_Available data_:
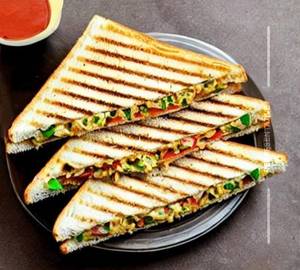Paneer grilled sandwich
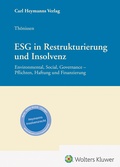 Abbildung von: ESG in Restrukturierung und Insolvenz - Carl Heymanns Verlag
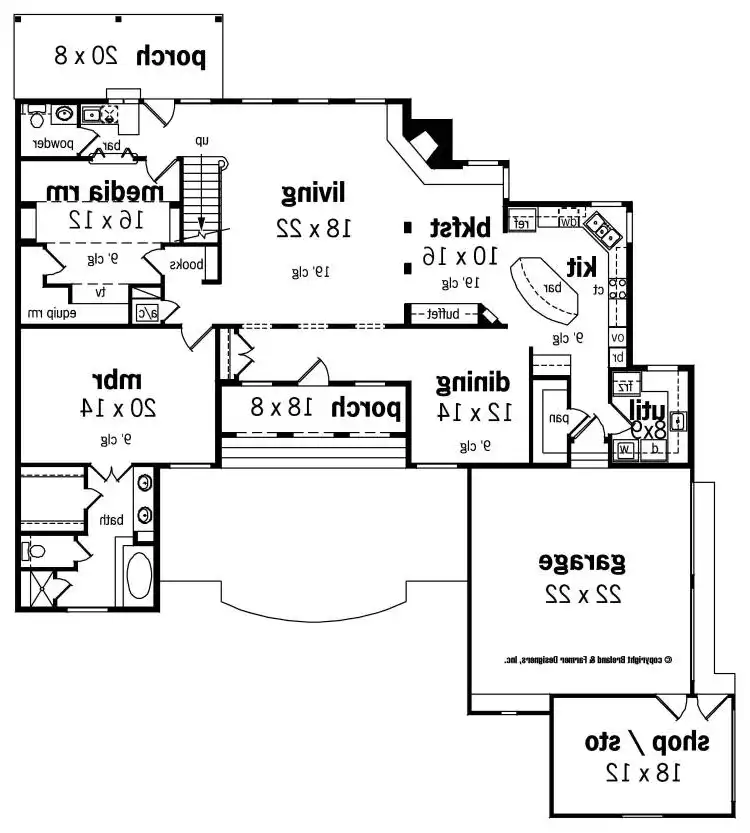 Main Level Floor Plan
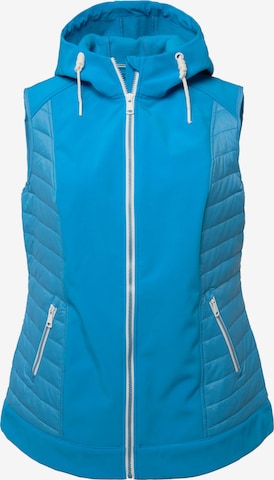 Ulla Popken Sports Vest in Blue: front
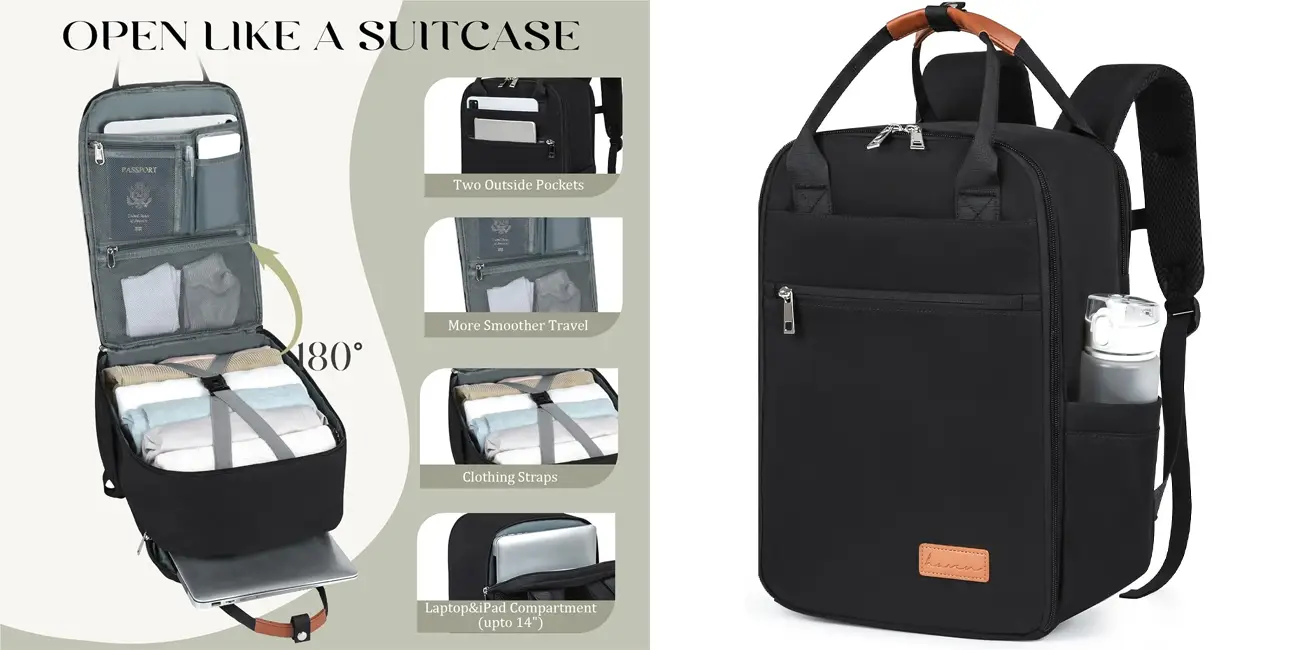 Mochila de cabina Lossga en color negro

_Work task_:
Every record above must reappear exactly in the answer, minus its pictures.

_Task solution_:
Paneer grilled sandwich
 Abbildung von: ESG in Restrukturierung und Insolvenz - Carl Heymanns Verlag
 Main Level Floor Plan
 Ulla Popken Sports Vest in Blue: front
 Mochila de cabina Lossga en color negro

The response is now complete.